Oleh: Syamsudin Kadir
Penulis Buku “Aku, Dia & Cinta”
BEGILAH pemandangan indah nan cantik menjelang dan setelah shalat magrib di Pelabuhan Sape, Kabupaten Bima, NTB. Ya, foto-foto yang saya lampirkan pada tulisan ini adalah pemandangan inspiratif di pelabuhan Sape pada saat saya kunjungi kali ini. Bila saja kamera handphone atau HP saya lebih berkualitas dari yang saya pakai, tentu hasil potretannya jauh lebih bagus. Dan tentu saja membuat siapapun di luar sana semakin penasaran dan ingin menyusul datang.

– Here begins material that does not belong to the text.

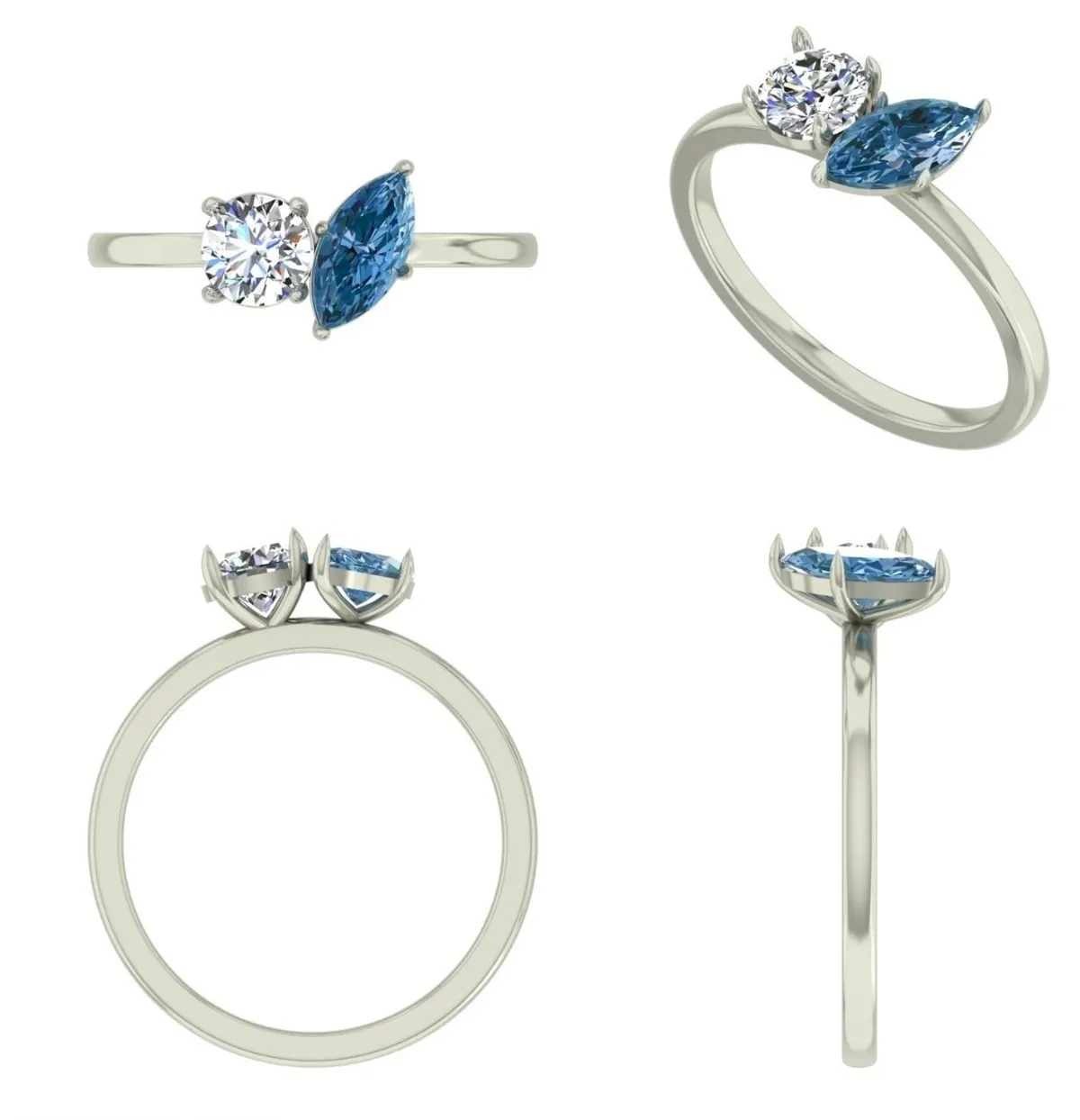 Round Diamond & Marquise Colour Stone Womens Ring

Sekadar mengingat kembali kenangan puluhan tahun silam. Seingat saya, pertama kali saya menginjakan kaki di tempat ini adalah pada tahun 1996 silam. Saat saya berangkat melanjutkan pendidikan MTs dan Aliyah ke Pondok Pesantren Nurul Hakim di Kediri, Lombok Barat, NTB. Tahun berikutnya hingga 2013 pun saya kerap melewati pelabuhan penghubung antar provinsi NTB dan NTT ini. Baik ketika pulang kampung ke Manggarai Barat maupun sebaliknya ke Jawa Barat atau Jakarta.
Sejak Senin 29 Mei 2023 lalu saya menetap di pelabuhan ini. Sudah beberapa hari saya menikmati suasana khas pelabuhan Sape. Awalnya saya mendapat kabar bila kapal penyeberangan Sape-Labuan Bajo selalu ada, ternyata saya mendapatkan kabar yang keliru. Menurut kabar dari warga yang hidup di sekitaran pelabuhan, kapal penyeberangan Sape-Labuan Bajo adanya hari Kamis 1 Juni 2023. Awalnya mengelus dada, namun belakangan saya memilih menggoyangkan jari, ya menulis beberapa artikel pendek.

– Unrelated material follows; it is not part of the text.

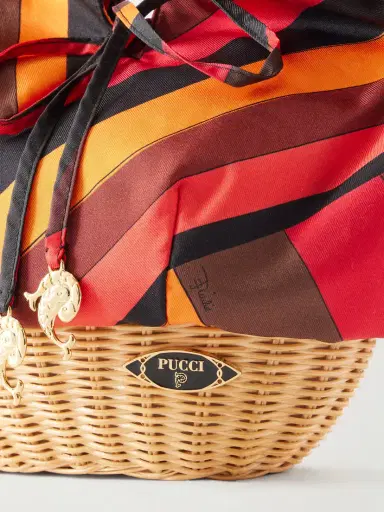 PUCCI Picnic Embellished Bamboo-trimmed Silk-twill Clutch | Thumbnail 5 PUCCI Picnic Embellished Bamboo-trimmed Silk-twill Clutch | Thumbnail 5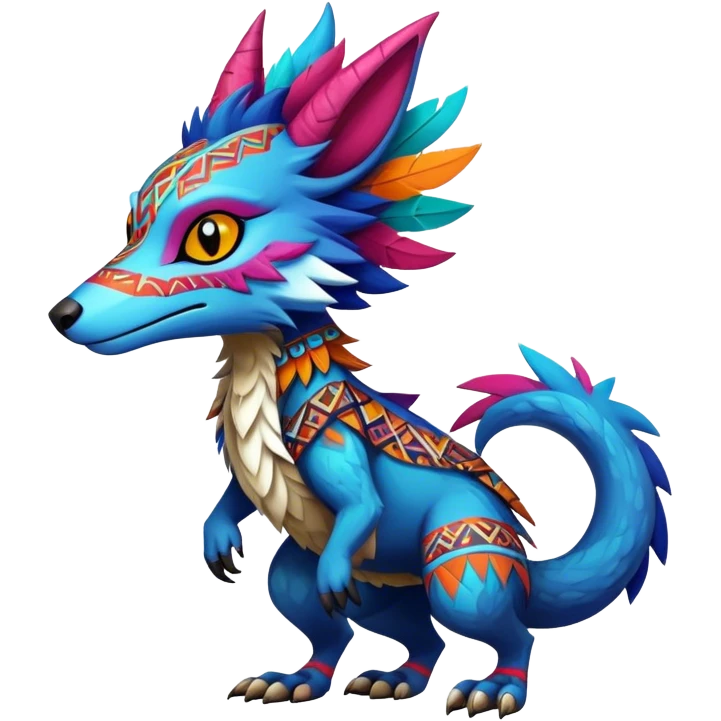 a colorful edgy cute vernid-sergal-fionbri-creature with tribal patterns full body emoji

Hari ini Rabu 31 Mei 2023, menjelang dan setelah shalat magrib saya sengaja berjalan di sekitaran pelabuhan, tentu setelah sebelumnya menikmati ikan bakar yang saya nikmati di sebuah rumah makan yang tak jauh dari mulut pantai. Ada banyak titik pemandangan yang seharusnya saya dokumentasikan. Hanya saja keinginan saya dibatasi oleh keinginan lain: menulis tulisan ini dan beberapa tulisan lain yang insyaa Allah akan saya publikasikan nanti di blog dan akun Facebook saya.
Seingat saya, pelabuhan ini dulunya belum semewah sekarang. Masih banyak batu krikil, jalan masih berlubang, dan sampah yang masih berserak di mana-mana. Sekarang saya saksikan sudah mulai dibenahi. Tempat parkir yang dulunya belum begitu rapih, sekarang cukup rapih. Walaupun idealnya menggunakan aspal sehingga tidak mudah rusak dan berlubang. Sampah juga sudah mulai dibersihkan. Walau begitu, sampah yang ada di mulut pantai masih terlihat jelas. Pihak berwenang perlu menyediakan tempat sampah yang layak di tempat ini.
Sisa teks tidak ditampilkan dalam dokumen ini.